Exercise requirements ▸
Write the entries out exactly. Any images they hold stay out of the copy.
*** Study material Section Begins ***
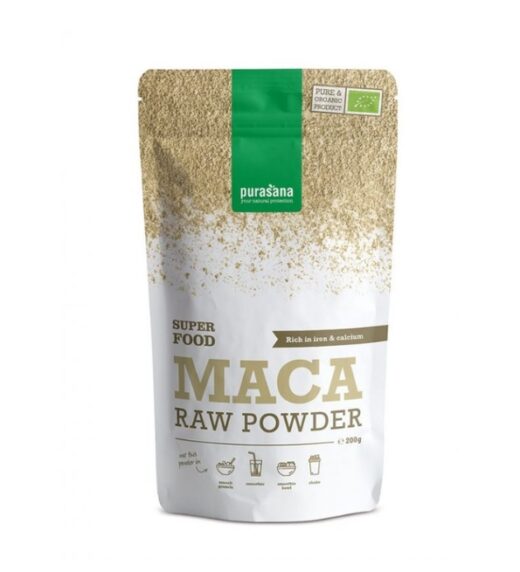 PURASANA POUDRE DE MACA 200G | Urban Drug store
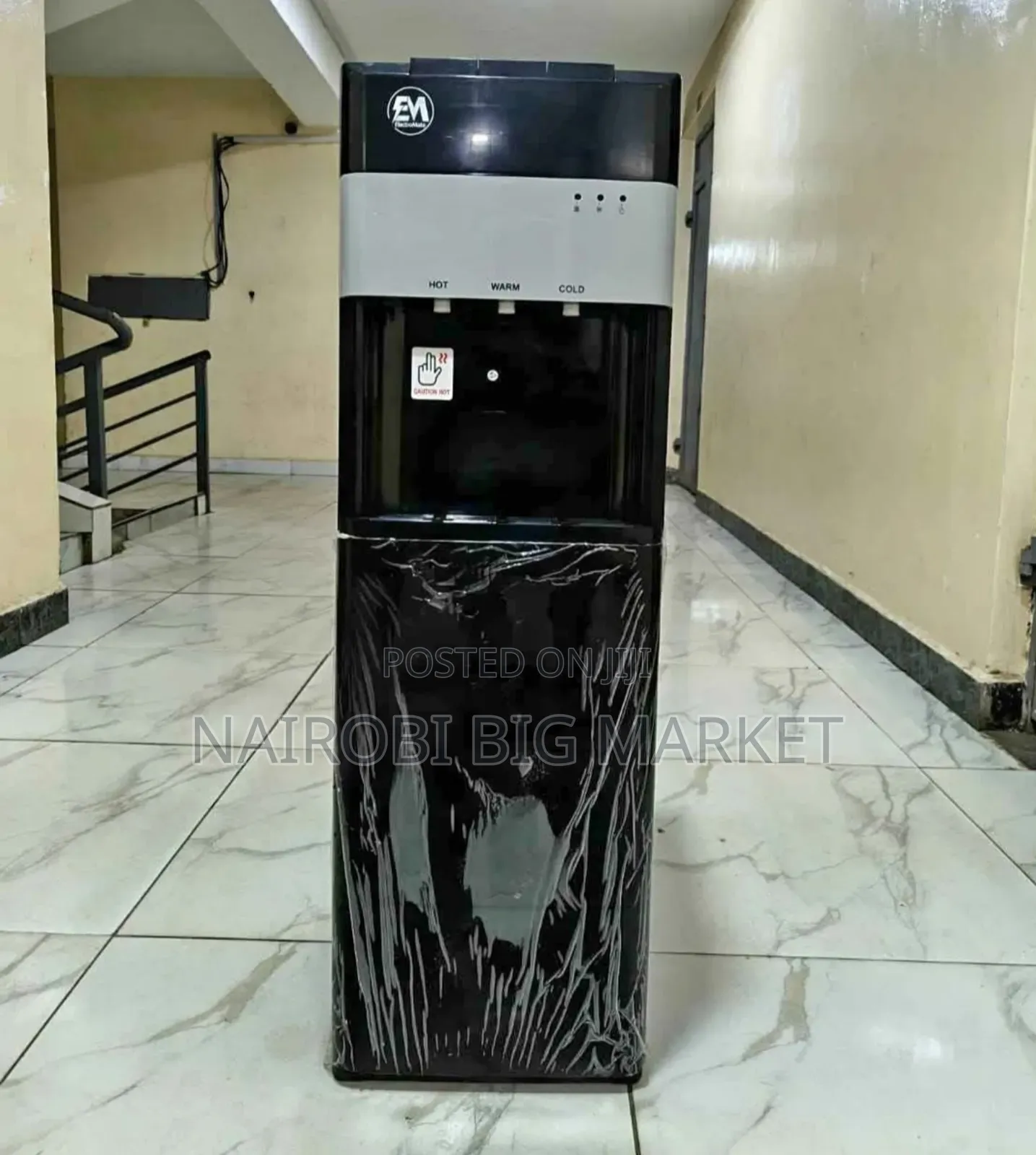 Mika MWD2307BG. 3 Taps; Hot, Normal, Electric Cooling Water Dispenser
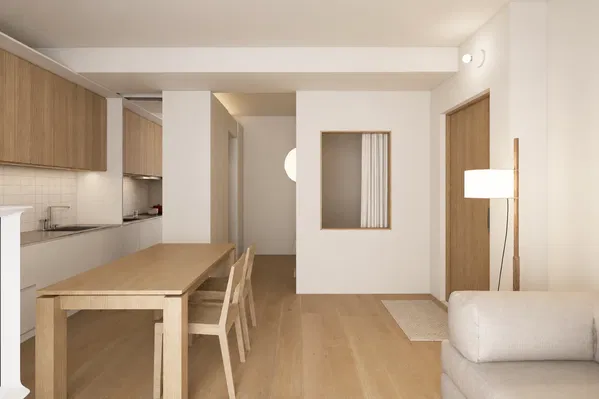 52 m² Apartment with One Bedrooms for Sale in Gazi - Metaxourgio - Votanikos, Athens Center with Garden — photo 3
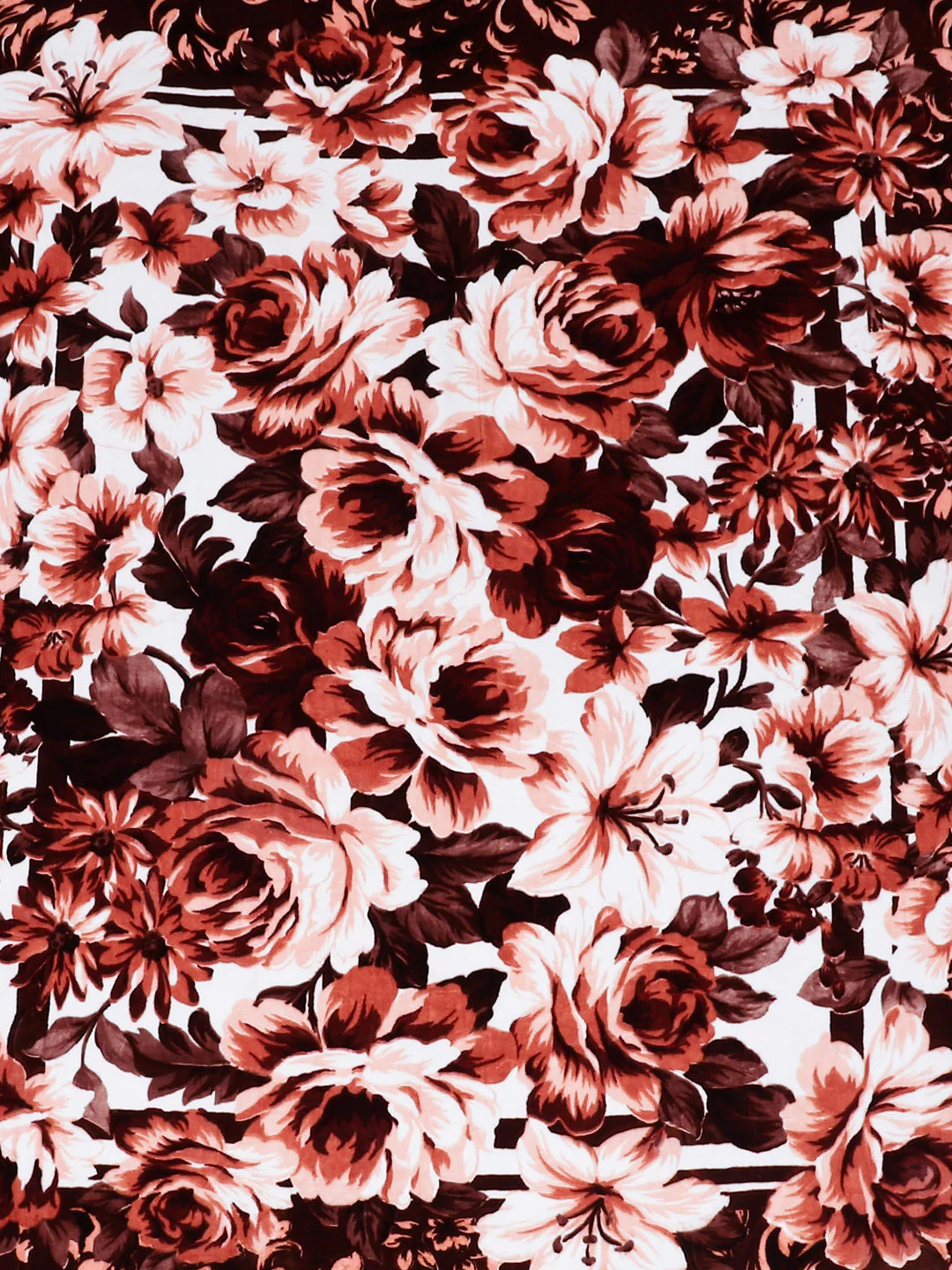 Printed Double Bed Blanket for Heavy Winter -2 Ply - Image 6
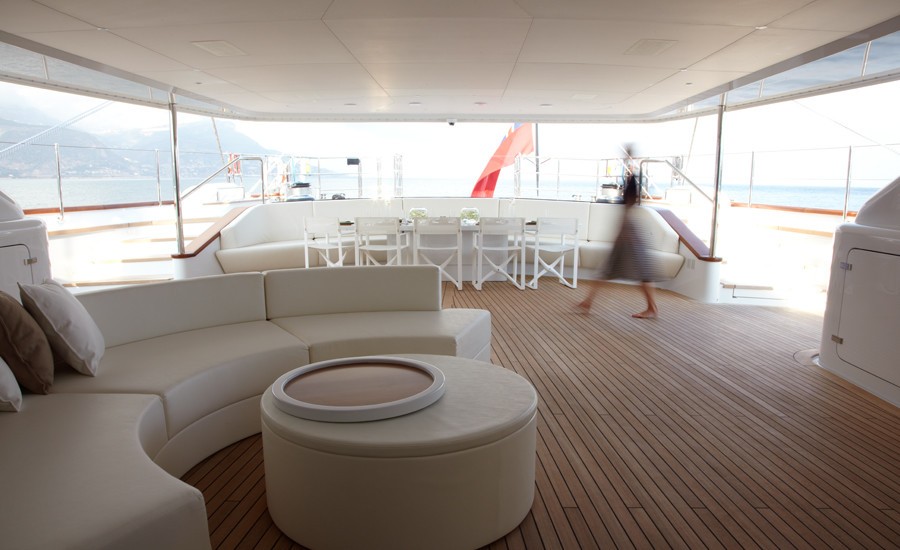 The 56m Yacht PANTHALASSA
*** Study material Section Ends ***
Task response ▸
 PURASANA POUDRE DE MACA 200G | Urban Drug store
 Mika MWD2307BG. 3 Taps; Hot, Normal, Electric Cooling Water Dispenser
 52 m² Apartment with One Bedrooms for Sale in Gazi - Metaxourgio - Votanikos, Athens Center with Garden — photo 3
 Printed Double Bed Blanket for Heavy Winter -2 Ply - Image 6
 The 56m Yacht PANTHALASSA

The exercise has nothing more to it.